_To do:_ In the entries below, find the line with "Pilas de toallas" and the line with "Black Gym Partner". Reproduce those two lines and every line between them exactly, and nothing more.

_Data provided:_

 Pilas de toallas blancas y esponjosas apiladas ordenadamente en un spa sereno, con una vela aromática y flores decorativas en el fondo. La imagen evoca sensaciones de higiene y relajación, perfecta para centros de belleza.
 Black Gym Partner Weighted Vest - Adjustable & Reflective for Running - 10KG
* * *
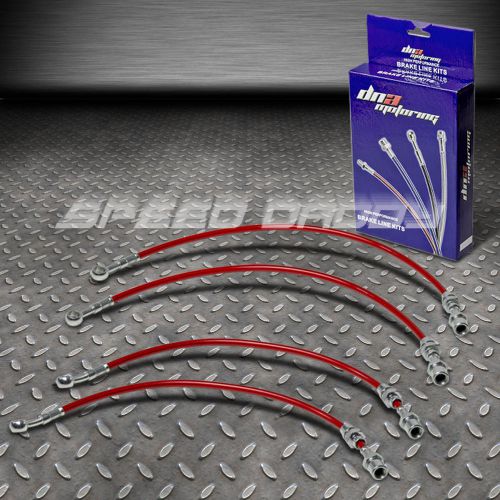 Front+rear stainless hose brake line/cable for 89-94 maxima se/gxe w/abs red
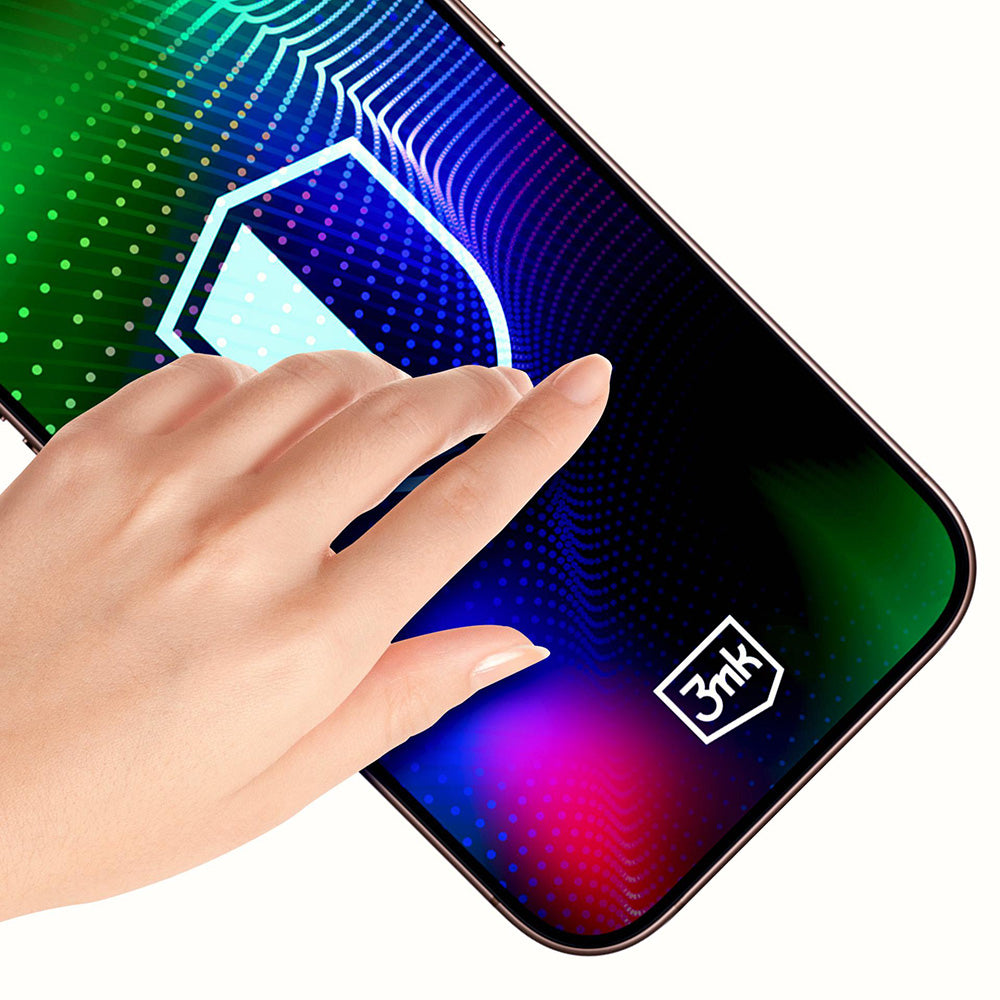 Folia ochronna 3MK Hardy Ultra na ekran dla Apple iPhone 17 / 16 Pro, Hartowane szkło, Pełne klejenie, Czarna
---
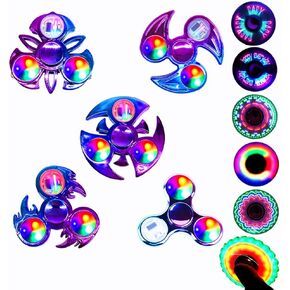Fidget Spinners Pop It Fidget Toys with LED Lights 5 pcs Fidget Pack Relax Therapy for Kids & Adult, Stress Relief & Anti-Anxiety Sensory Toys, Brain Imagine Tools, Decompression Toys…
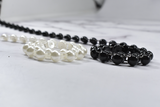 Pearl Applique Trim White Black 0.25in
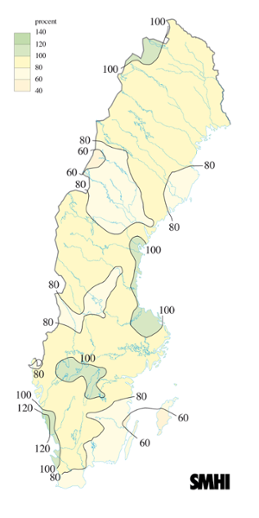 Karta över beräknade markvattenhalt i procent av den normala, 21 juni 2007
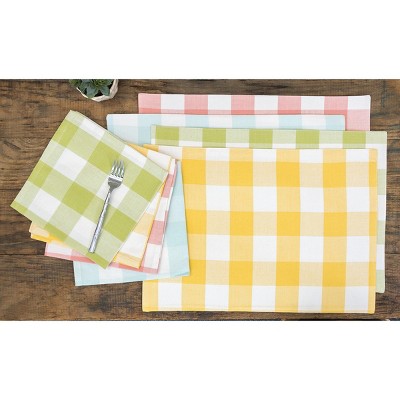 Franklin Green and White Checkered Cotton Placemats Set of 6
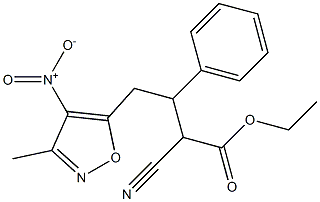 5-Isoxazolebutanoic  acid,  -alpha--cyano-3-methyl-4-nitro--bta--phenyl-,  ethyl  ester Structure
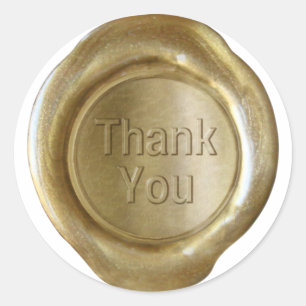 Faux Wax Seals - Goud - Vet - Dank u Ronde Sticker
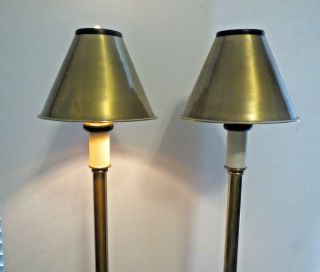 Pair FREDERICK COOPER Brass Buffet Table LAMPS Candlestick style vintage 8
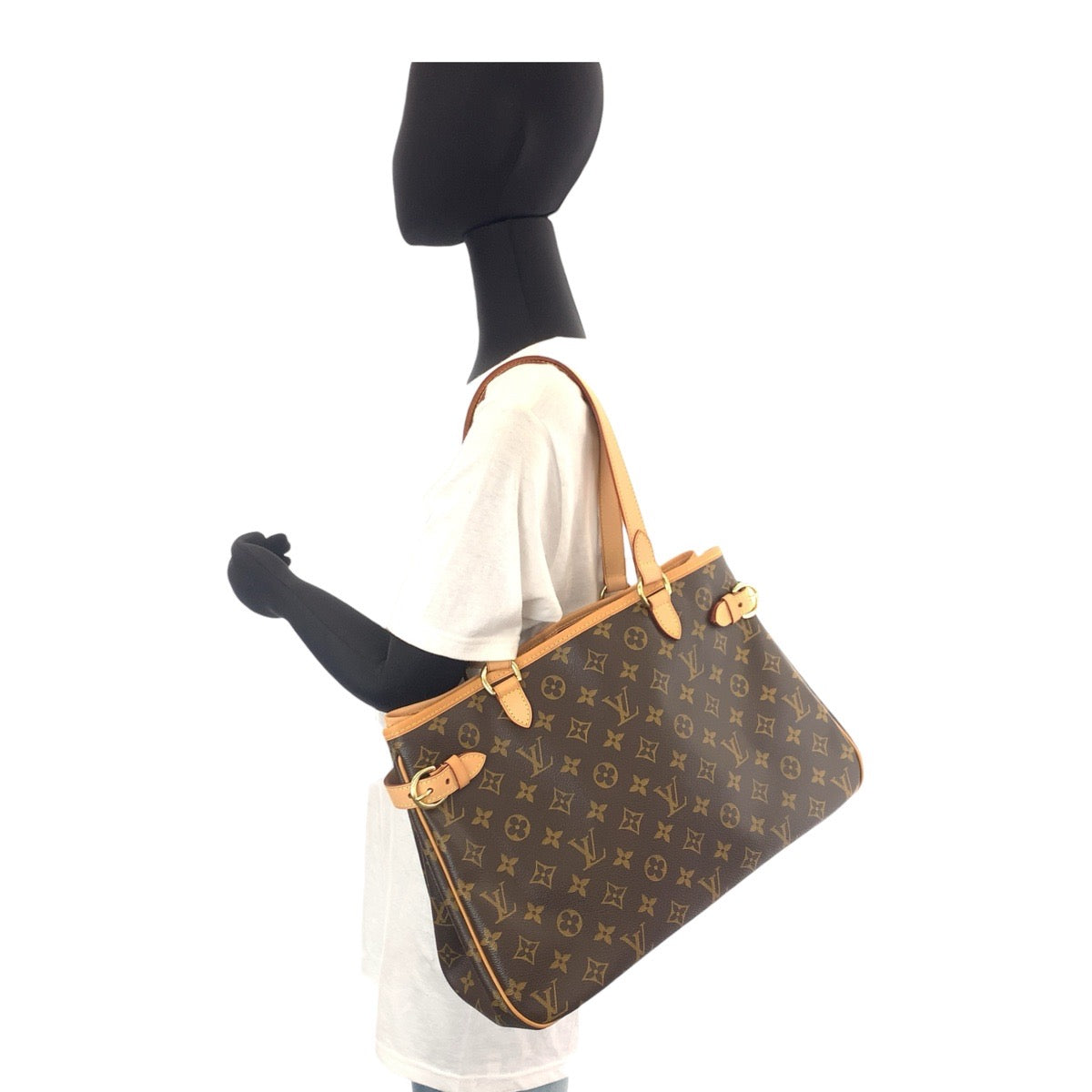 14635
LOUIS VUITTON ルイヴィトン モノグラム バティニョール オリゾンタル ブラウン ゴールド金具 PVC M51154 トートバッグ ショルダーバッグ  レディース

_Reply:_
 Pilas de toallas blancas y esponjosas apiladas ordenadamente en un spa sereno, con una vela aromática y flores decorativas en el fondo. La imagen evoca sensaciones de higiene y relajación, perfecta para centros de belleza.
 Black Gym Partner Weighted Vest - Adjustable & Reflective for Running - 10KG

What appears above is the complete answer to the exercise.